• [Material provided]:
══════════════════════════════
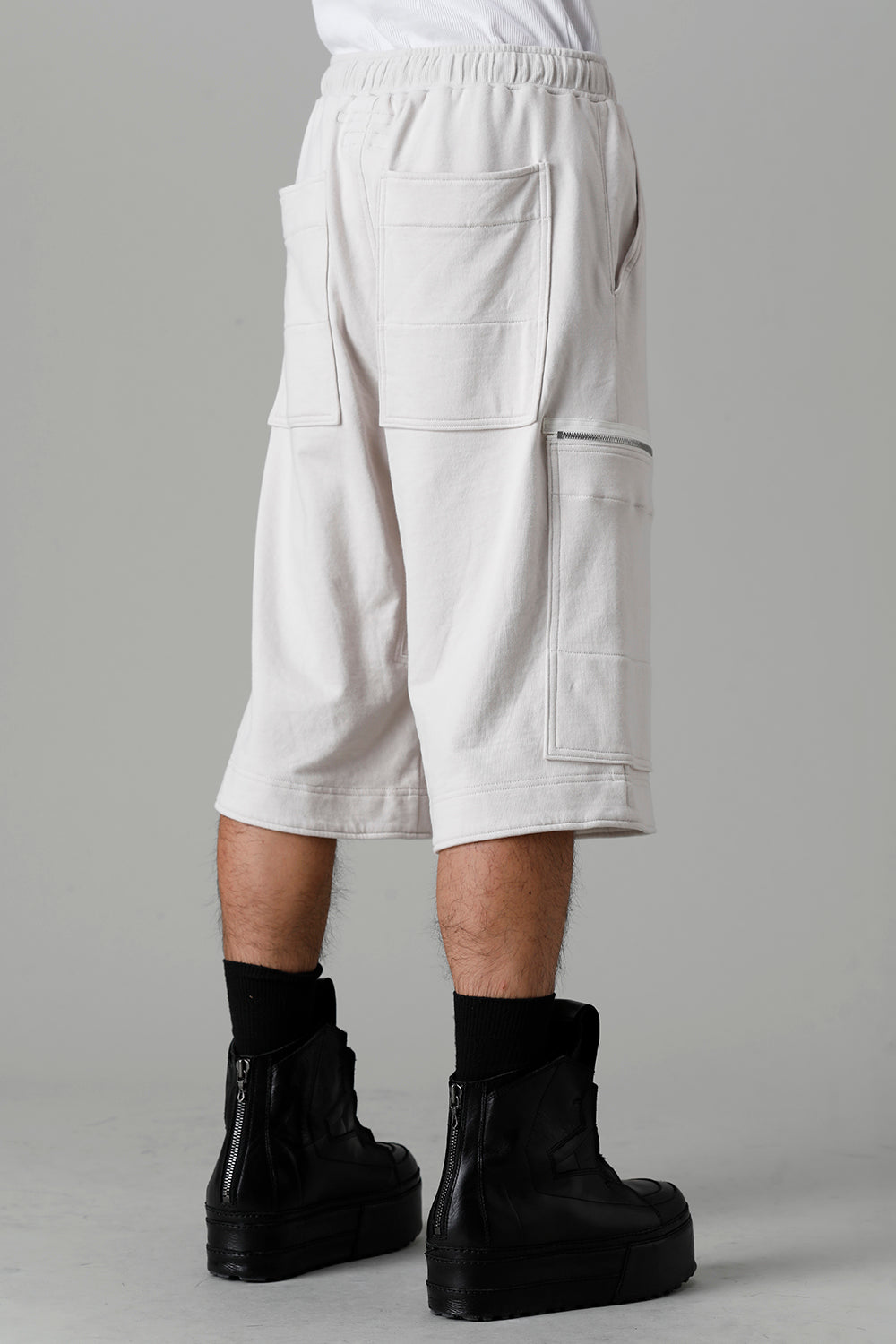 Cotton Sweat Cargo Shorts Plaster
══════════════════════════════
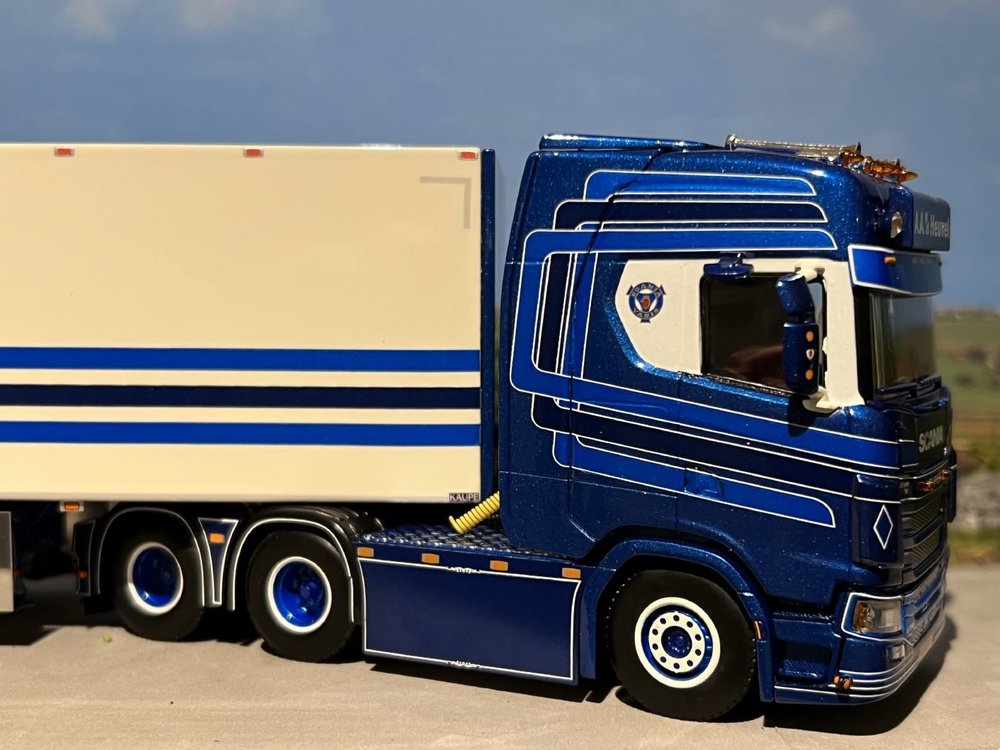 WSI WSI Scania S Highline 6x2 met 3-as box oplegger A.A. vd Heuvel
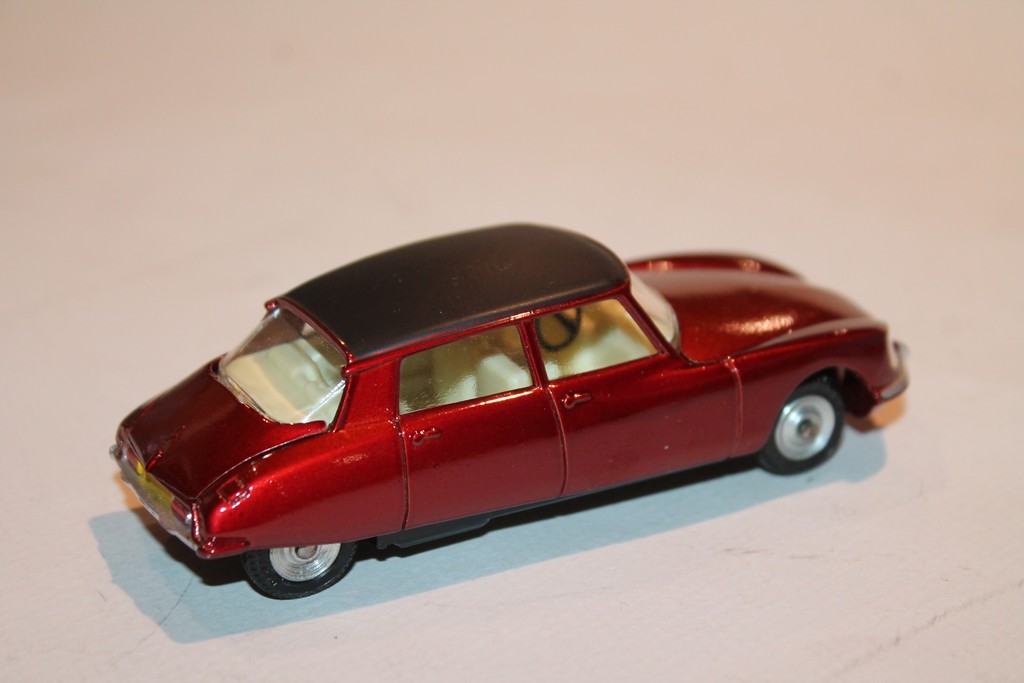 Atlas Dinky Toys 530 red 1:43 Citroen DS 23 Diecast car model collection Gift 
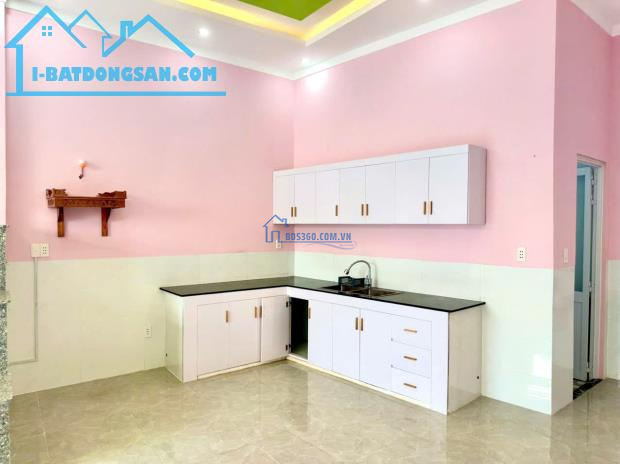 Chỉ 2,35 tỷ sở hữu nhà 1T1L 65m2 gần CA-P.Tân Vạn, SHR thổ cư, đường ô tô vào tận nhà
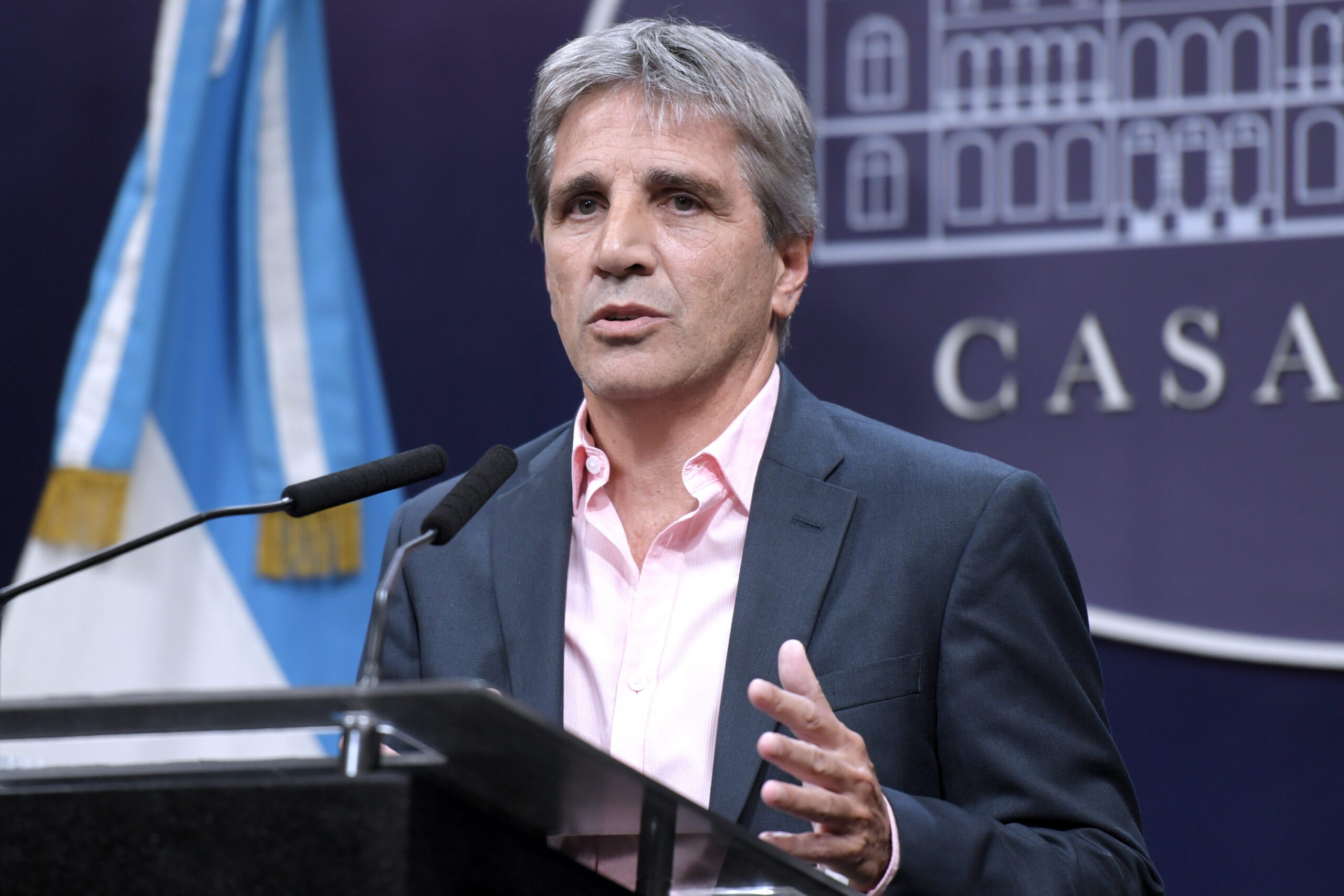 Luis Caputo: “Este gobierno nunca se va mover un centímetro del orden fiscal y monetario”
══════════════════════════════
With the pictures omitted, copy the entries above exactly from the line containing "Atlas Dinky Toys" through the line containing "gobierno nunca se", both lines included.

• [Output of the task]:
 Atlas Dinky Toys 530 red 1:43 Citroen DS 23 Diecast car model collection Gift 
 Chỉ 2,35 tỷ sở hữu nhà 1T1L 65m2 gần CA-P.Tân Vạn, SHR thổ cư, đường ô tô vào tận nhà
 Luis Caputo: “Este gobierno nunca se va mover un centímetro del orden fiscal y monetario”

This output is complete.